Hi,
I have a list of genes, for which I need to compare LD plots of the gene across all subpopulations in 1000 Genome. I have written a perl script to do so but have run into a few challenges.
My script does the following, given a gene name:
- extract the list of variants (maf 0.05) present in 1000G data from the VCF file
- For each subpopulation in 1000G, pairwise LD is calculated for all variants using PLINK
- Plot the LD for all subpopulations in one PDF file using R.
However, I run into a couple of challenges, as I am new to population genetics.
- From the image below, you can see the list of variants is not the same for all subpopulations. So can I just take the common subset of variants so that I can compare the LD among them?
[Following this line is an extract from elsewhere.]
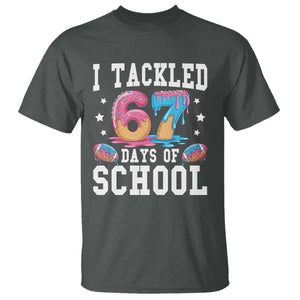 67 Days Of School T Shirt Six Seven Sports American Football Ice Cream Drip TS14 Dark Heather Print Your Wear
2) For some genes, the number of variants are too many (>100, sometimes 200-300) and hence the LD plot does not appear or is uninformative (see below). How can I subset the list of variants WITHOUT LOSING LD structure? (NOTE: --indep option in PLINK is not suitable for me, I am NOT looking for independent SNPS)
Thank you for the response Dr. Blighe! To answer your queries
I am new to population genetics, but what I understand so far is that to compare LD between 2 population, I should use the same set of variants. Is that not so? My aim is to see if there is a difference in gene structure among the different populations.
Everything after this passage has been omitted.